SmaCC Tutorial

This is a walk-through tutorial to demonstrate some features of SmaCC, the Smalltalk Compiler Compiler, as we incrementally develop a simple calculator. If you haven't already done so, you will first need to load the source. Once you have loaded the code, you need to open the SmaCC Parser Generator. In VisualWorks, it is under Tools menu. Dolphin has it in the additional tools folder. Here's the UI running under Dolphin:

Our first calculator is going to be relatively simple. It is going to take two numbers and add them together. To start things off, we have to tell the scanner how to recognize a number. It starts with one or more digits, possibly followed by an decimal point with zero or more digits after it. The scanner definition for this token is:

<number>        :       [0-9]+ (\. [0-9]*) ? ;

Let's go over each part:

Expression Description
<number> Names the token. The name inside the <> must be a legal Smalltalk variable name.
: Separates the name of the token from the token's definition.
[0-9] Matches any single character in the range '0' to '9' (a digit). We could also use \d or <isDigit> as these also match digits.
+ Matches the previous expression one or more times. In this case, we are matching one or more digits.
( ... ) Groups subexpressions. In this case we are grouping the decimal point and the numbers following the decimal point.
\. Matches the '.' character (. has a special meaning in regular expressions, \ quotes it).
* Matches the previous expression zero or more times.
? Matches the previous expression zero or one time (i.e., it is optional).
; Terminates a token specification.

We don't want to have to worry about whitespace in our language, so we need to define what a whitespace is and to ignore it. To do this, enter the following token specification on the next line:

<whitespace>    :       \s+;

\s matches any whitespace character (space, tab, linefeed, etc.). So how do we tell the scanner to ignore it? If you look in the SmaCCScanner class, you will find a method named #whitespace. If a scanner understands a method that has the same name as a token name, that method will get called whenever the scanner matches that kind of token. As you can see, the SmaCCScanner>>whitespace method eats whitespace. There is also a #comment method that behaves similarly. However, the SmaCCScanner>>comment method also stores the interval in the source where the comment occurred in the comments instance variable.

The only other token that will appear in our system would be the '+' token for addition. However, since this is token is always the same, we can enter it directly in our production rules.

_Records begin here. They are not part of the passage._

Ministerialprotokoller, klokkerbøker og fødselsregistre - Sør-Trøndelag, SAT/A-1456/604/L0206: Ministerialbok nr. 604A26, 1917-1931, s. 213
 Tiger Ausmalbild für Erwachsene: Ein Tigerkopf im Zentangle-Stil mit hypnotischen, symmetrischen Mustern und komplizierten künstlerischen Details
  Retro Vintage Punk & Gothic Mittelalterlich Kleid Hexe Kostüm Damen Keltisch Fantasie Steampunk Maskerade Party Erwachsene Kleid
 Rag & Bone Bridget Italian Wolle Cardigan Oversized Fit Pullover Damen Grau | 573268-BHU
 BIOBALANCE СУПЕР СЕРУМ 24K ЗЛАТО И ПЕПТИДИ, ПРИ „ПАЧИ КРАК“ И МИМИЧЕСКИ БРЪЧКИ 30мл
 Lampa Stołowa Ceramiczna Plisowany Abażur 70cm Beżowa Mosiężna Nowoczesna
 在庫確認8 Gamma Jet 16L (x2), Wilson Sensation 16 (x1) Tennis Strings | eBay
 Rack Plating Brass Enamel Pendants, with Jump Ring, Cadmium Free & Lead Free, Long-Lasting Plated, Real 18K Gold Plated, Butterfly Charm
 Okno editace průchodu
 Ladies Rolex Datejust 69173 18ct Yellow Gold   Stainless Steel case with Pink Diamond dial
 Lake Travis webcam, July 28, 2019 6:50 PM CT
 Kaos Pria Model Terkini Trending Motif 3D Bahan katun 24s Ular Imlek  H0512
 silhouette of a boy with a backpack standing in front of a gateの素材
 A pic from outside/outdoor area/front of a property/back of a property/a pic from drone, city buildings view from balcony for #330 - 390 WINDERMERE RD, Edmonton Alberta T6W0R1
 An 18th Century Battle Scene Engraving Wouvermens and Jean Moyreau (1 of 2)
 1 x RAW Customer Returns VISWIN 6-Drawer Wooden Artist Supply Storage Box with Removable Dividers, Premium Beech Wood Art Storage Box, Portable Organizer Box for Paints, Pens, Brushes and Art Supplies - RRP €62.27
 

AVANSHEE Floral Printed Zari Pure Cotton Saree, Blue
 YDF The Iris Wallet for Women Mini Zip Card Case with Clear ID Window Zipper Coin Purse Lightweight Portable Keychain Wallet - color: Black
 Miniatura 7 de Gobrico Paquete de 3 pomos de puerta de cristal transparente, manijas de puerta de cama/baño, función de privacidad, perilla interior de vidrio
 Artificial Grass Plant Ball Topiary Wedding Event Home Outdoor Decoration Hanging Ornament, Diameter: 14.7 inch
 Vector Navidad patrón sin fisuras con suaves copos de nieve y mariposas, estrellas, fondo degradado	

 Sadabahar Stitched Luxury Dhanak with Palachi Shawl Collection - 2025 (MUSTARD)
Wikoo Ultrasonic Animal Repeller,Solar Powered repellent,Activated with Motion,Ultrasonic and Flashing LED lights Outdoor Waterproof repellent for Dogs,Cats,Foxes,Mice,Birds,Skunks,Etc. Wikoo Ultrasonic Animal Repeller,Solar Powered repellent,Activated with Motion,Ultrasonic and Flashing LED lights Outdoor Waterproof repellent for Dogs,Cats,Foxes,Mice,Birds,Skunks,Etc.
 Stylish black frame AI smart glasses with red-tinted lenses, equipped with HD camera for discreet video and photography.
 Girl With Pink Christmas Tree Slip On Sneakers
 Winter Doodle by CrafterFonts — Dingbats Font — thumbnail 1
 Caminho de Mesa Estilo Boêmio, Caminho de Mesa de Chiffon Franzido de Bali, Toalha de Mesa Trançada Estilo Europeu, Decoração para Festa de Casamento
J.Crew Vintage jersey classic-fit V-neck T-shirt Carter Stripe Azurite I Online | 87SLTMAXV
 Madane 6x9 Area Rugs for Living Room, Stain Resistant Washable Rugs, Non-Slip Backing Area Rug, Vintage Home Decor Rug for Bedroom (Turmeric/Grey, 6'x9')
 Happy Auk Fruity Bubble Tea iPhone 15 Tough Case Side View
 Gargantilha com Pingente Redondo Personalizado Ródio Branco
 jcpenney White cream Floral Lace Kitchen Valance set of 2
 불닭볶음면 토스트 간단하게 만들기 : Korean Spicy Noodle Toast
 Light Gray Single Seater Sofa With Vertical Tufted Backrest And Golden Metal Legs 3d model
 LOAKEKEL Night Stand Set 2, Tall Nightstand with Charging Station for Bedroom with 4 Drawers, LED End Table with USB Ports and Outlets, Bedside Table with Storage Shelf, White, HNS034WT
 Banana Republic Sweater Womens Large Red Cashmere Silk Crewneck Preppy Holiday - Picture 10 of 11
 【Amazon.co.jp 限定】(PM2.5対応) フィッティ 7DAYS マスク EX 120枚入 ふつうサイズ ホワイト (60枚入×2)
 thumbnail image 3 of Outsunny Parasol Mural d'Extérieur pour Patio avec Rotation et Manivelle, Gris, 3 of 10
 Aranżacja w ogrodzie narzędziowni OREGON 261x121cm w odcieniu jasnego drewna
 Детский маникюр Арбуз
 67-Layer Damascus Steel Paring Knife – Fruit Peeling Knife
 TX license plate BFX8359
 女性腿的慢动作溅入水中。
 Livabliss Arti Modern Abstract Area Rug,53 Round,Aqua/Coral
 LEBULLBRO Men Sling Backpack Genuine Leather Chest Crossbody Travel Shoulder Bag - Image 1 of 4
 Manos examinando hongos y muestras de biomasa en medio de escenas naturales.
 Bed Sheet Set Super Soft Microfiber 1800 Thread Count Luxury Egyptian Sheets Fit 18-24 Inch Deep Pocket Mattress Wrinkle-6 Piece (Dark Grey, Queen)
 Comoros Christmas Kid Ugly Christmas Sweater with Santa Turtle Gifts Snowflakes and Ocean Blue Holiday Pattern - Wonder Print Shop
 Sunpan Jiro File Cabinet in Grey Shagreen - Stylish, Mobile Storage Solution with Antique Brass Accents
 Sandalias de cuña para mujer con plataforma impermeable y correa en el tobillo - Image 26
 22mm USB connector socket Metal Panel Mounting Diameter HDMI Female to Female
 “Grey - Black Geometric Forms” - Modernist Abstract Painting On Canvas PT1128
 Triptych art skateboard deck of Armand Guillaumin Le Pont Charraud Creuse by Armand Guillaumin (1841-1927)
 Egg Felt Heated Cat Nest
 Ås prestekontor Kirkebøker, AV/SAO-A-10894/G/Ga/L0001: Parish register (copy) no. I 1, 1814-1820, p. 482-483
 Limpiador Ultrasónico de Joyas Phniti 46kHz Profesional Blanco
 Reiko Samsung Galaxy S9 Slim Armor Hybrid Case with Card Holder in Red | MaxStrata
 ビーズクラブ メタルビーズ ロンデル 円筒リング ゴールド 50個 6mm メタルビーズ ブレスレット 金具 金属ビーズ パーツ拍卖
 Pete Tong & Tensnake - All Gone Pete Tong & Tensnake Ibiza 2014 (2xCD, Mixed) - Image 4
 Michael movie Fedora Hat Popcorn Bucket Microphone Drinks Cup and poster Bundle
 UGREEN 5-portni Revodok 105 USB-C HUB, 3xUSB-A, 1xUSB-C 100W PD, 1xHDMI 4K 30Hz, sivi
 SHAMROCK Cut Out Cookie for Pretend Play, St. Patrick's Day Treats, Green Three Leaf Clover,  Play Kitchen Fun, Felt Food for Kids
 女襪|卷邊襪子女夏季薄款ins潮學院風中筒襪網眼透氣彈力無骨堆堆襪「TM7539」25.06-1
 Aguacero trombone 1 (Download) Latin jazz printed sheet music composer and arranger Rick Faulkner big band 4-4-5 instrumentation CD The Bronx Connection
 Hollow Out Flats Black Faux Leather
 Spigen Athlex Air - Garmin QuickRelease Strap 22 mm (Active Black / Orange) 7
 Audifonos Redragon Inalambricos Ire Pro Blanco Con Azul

Speaking of our grammar, let's go ahead and define it. Enter the following specification below your two previous rules:

Expression 
	: Expression "+" Number
	| Number
	;
Number 
	: <number>
	;

This basically says that an expressions is either a number or an expression added to a number. You should now have something that looks like:

We should be able to compile a parser now. First, we need to specify the scanner and parser classes to create. These are entered from the Options -- Scanner Class and Parser Class menu options. Use CalculatorScanner and CalculatorParser respectively. Once the class names are entered, we are ready to compile the parser. Select File Save or hit Ctrl+Shift+S. This will create new Smalltalk classes for the CalculatorScanner and CalculatorParser and compile several methods in those classes. All methods that SmaCC compiles will go into a "generated-*" method protocol. You should not change those methods or add new methods to the "generated-*" method protocols since they are replaced or deleted each time you compile.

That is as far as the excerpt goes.